Et les gens qui voudraient nous faire croire, que des horreurs pareilles sont de l’ordre du privé… Si j’étais vous je me questionnerais sur ces gens. Que font-ils, eux, dans leur vie privée ? La même chose, peut-être…

 

Le sport m’écœure, le handball m’écœure, tout m’écœure à l’heure actuelle.

 

https://www.lemonde.fr/sport/article/2023/01/25/bruno-martini-ex-gardien-de-l-equipe-de-france-de-handball-poursuivi-pour-corruption-de-mineur-et-detention-d-images-pedopornographiques_6159212_3242.html

 


samedi 3 décembre 2022

Samedi 03 décembre 2022

 

Ce monde n'est pas fait pour les victimes de viol.
Il faut avancer, toujours... Pas le temps d'appuyer sur pause.
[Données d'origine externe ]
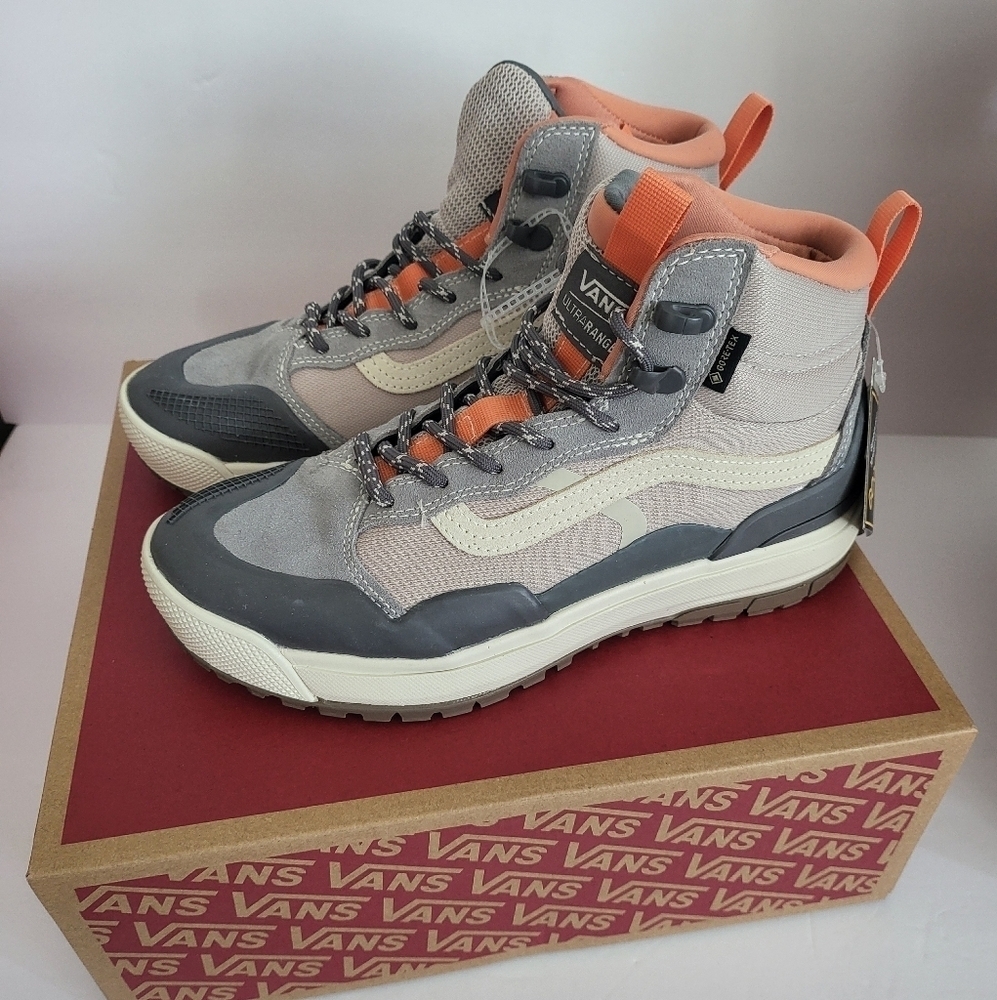 New Vans Women's Ultrarange EXO HI Gore-Tex MTE-2 Hiking Shoes - women's size 8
On te juge sur ton comportement, ta façon d'être, ta manière de t'habiller, alors qu'on ignore tout de ta vie.

Et peut-être que ton comportement, tes vêtements et tout le reste, sont justement liés à tes traumatismes...

Mais personne ne parle de ça.

On n'est pas censé en parler. On n'est même pas censé le montrer.
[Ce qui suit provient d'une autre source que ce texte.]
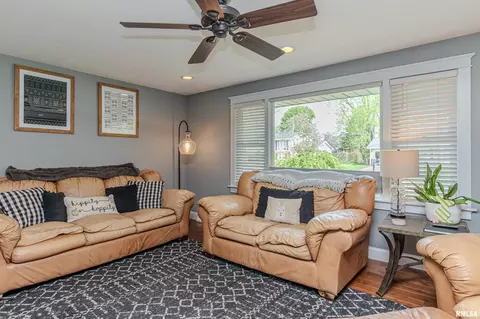 Living - 1014 E Madison St, Morton, IL 61550 photo 2 of 5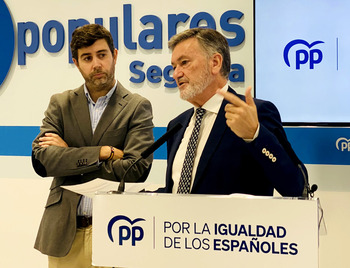 Vázquez ve a Martínez como “cómplice necesario” de Sánchez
La vie doit continuer, le monde doit avancer.
Et toi aussi, tu dois continuer, avancer...

Parce qu'il faut jouer le rôle. Et ici, chacun joue le sien.

Il n'y a pas la place pour le traumatisme, pas le temps d'expliquer son état. C'est du privé, ça ne regarde personne.

Et pourtant, ça définit une partie de notre vie, au jour le jour...

Il y a des jours où ça va, et d'autres où ça ne va pas.
Ça change souvent, ça change tout le temps... Parce que c'est comme ça, en vrai, la vie d'une personne violée.

Aujourd'hui peut-être, c'était une mauvaise journée parce que tu as eu des cauchemars, des flash-back... Et donc tu a été moins attentive à ce qui se passe autour, plus fermée, tu avais l'air moins sympathique.

Mais en société, il faut tout donner, être ok tout le temps, ne pas s'arrêter, continuer, et faire comme si... C'est ce qu'on demande à tout le monde, donc on te le demande à toi aussi.

Et il paraît que tout le monde y arrive, donc tu devrais y arriver aussi.

Si ça ne va pas, il faut savoir passer à autre chose. Comme en un claquement de doigts.
Si tu ne sais pas le faire, c'est que tu es définitivement trop faible, ou bien flemmarde.

Quand tu ne t'en sors pas, l'échec vient forcément de toi.

Alors que le principe du traumatisme, c'est qu'il revient, il te hante. Et passer à autre chose est la pire des solutions.
Faire comme si est la pire des choses...

Et il faut, pourtant, être bien habillé, bien coiffé, et toujours de bonne humeur, sociable, et puis productif aussi.
Parce que c'est important.

Le trauma, rien à foutre, parce que ce n'est pas un handicap qui se voit, parce qu'ils s'imaginent que c'est comme tout le reste.
Alors ils te disent : la vie est difficile, c'est comme ça pour tout le monde, il faut faire avec.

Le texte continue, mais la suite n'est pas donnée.